**TASK GOAL**
Transcribe the listing exactly as written. Leave the images out.

**DATA PROVIDED**
= = = = =
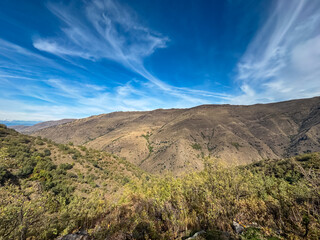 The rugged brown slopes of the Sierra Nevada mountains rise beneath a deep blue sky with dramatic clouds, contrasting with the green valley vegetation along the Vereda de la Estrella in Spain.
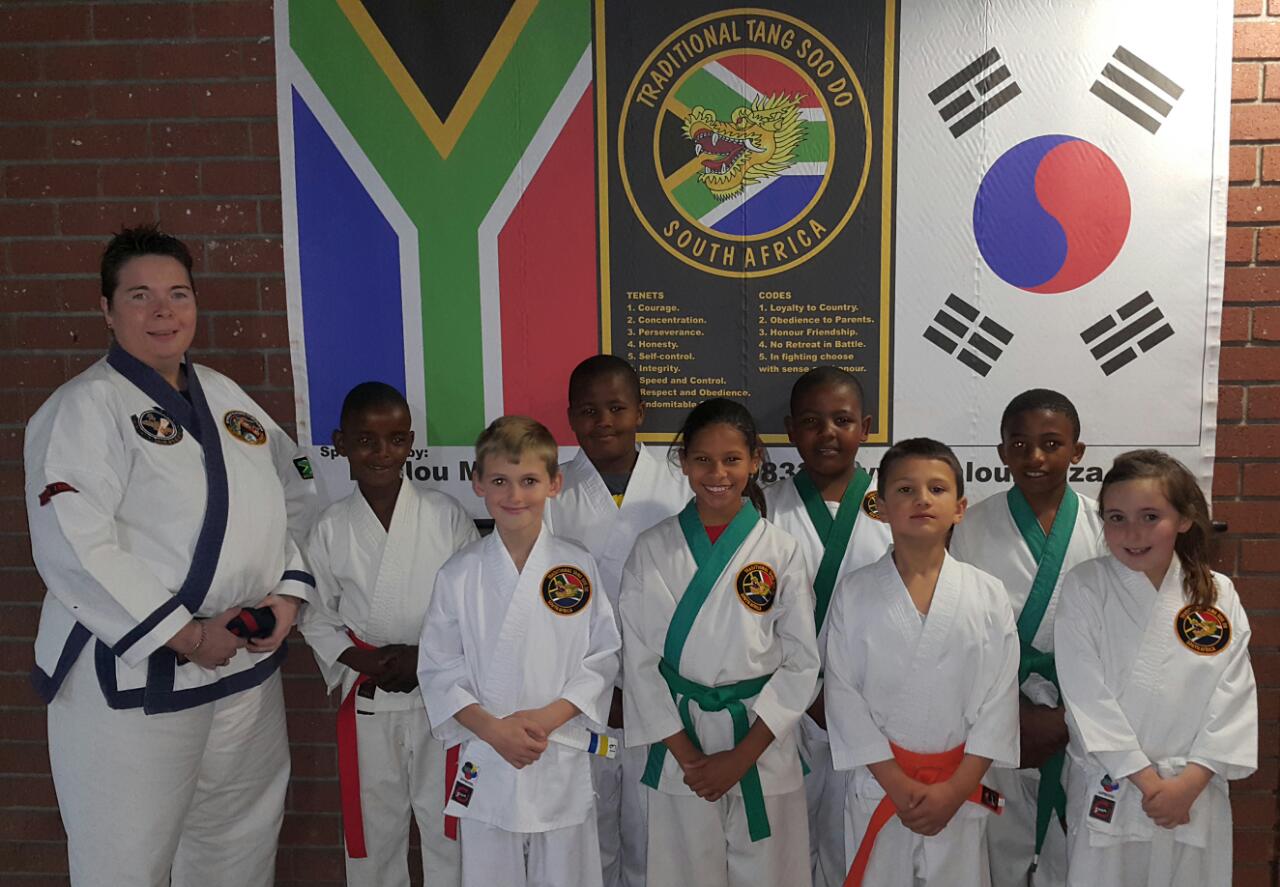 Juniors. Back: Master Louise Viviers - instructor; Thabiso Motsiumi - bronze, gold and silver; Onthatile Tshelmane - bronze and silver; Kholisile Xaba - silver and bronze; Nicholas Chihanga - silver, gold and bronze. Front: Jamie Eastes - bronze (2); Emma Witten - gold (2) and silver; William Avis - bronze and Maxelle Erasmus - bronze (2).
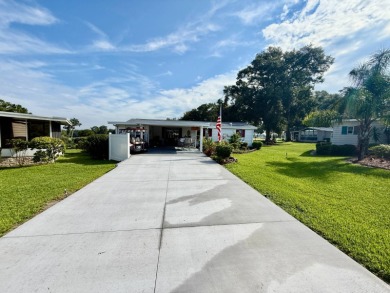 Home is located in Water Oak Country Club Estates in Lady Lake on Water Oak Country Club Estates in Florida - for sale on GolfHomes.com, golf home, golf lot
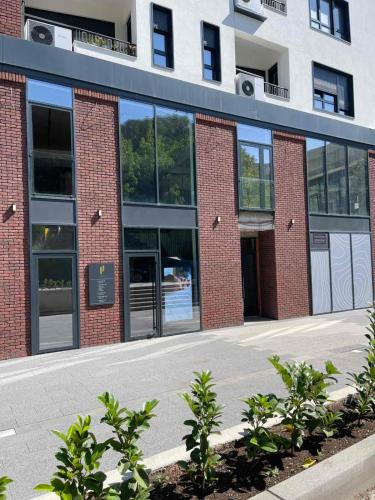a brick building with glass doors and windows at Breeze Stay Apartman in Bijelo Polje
= = = = =
**EXERCISE OUTPUT**
 The rugged brown slopes of the Sierra Nevada mountains rise beneath a deep blue sky with dramatic clouds, contrasting with the green valley vegetation along the Vereda de la Estrella in Spain.
 Juniors. Back: Master Louise Viviers - instructor; Thabiso Motsiumi - bronze, gold and silver; Onthatile Tshelmane - bronze and silver; Kholisile Xaba - silver and bronze; Nicholas Chihanga - silver, gold and bronze. Front: Jamie Eastes - bronze (2); Emma Witten - gold (2) and silver; William Avis - bronze and Maxelle Erasmus - bronze (2).
 Home is located in Water Oak Country Club Estates in Lady Lake on Water Oak Country Club Estates in Florida - for sale on GolfHomes.com, golf home, golf lot
a brick building with glass doors and windows at Breeze Stay Apartman in Bijelo Polje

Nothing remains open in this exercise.